Il est neuf heures et demie, les portes du ROVO se sont refermées sous son nez, elle devra attendre le prochain train, dans un quart d’heure. Au bout du quai, l’odeur d’urine domine, mais c’est le seul endroit où s’asseoir. Elle est fatiguée. Certains jours, tandis qu’elle guette le bruit du train, les fesses collées au plastique orange, elle se demande au fond s’il ne serait pas plus doux de rester là, toute la journée, dans les entrailles du monde, laisser couler les heures inutiles, vers midi remonter d’un niveau pour acheter un sandwich, redescendre, reprendre sa place. S’extraire du flot, du mouvement.

Capituler.

 

 

Le ROPO est arrivé, elle a hésité une seconde et puis elle est entrée dans le wagon. Une fois assise elle a fermé les yeux, elle ne les a rouverts que quand le train est ressorti à la surface. Le temps était clair.

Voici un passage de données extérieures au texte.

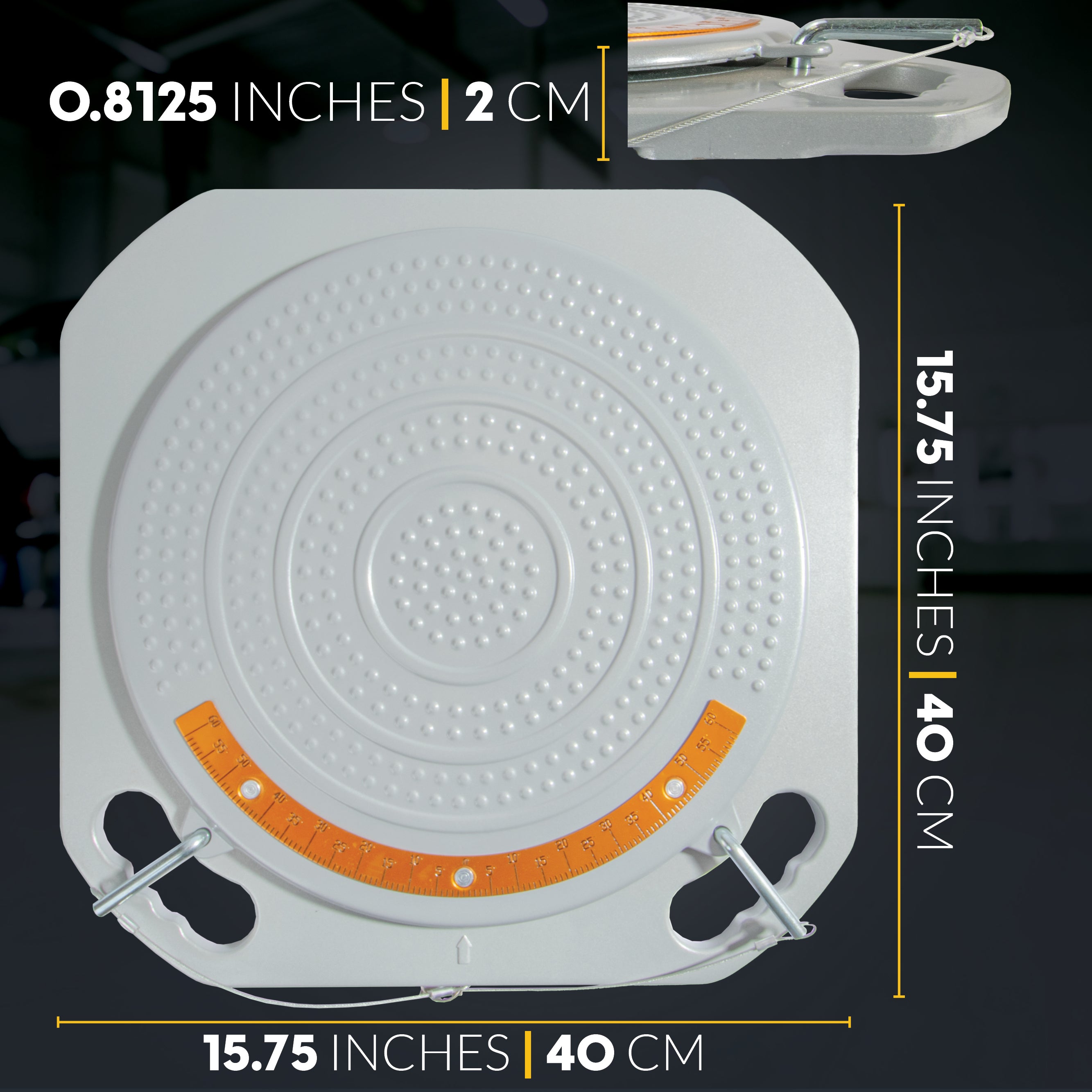 Wheel Alignment Turn Plates with Brass Finish Dial, 4 Ton Capacity, and Bonus Accessories (Pair)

Huit minutes plus tard, au Vert-de-Maisons, elle est descendue du wagon, s’est dirigée vers le principal portillon de sortie. Un goulot d’étranglement devant lequel les voyageurs s’entassent et forment bientôt une file, comme devant une caisse d’hypermarché. Elle a attendu derrière les autres que vienne son tour, elle a respiré à pleins poumons l’air du dehors.

 

 

Mathilde s’engage dans l’escalier, rejoint le tunnel qui passe sous les voies, remonte vers la rue.

Elle fait chaque jour ce trajet depuis huit ans, chaque jour les mêmes marches, les mêmes tourniquets, les mêmes souterrains, les mêmes regards jetés aux horloges, chaque jour sa main se tend au même endroit pour tenir ou pousser les mêmes portes, se pose sur les mêmes rampes.

Exactement.

 

 

Au moment où elle sort de la gare, il lui semble qu’elle a atteint sa propre limite, un point de saturation au-delà duquel il n’est pas possible d’aller. Il lui semble que chacun de ses gestes, chacun de ses mouvements, parce qu’il a été répété plus de trois mille fois, menace son équilibre.

Alors qu’elle a vécu des années sans y penser, aujourd’hui cette répétition lui apparaît comme une forme de violence faite au corps, une violence silencieuse capable de la détruire.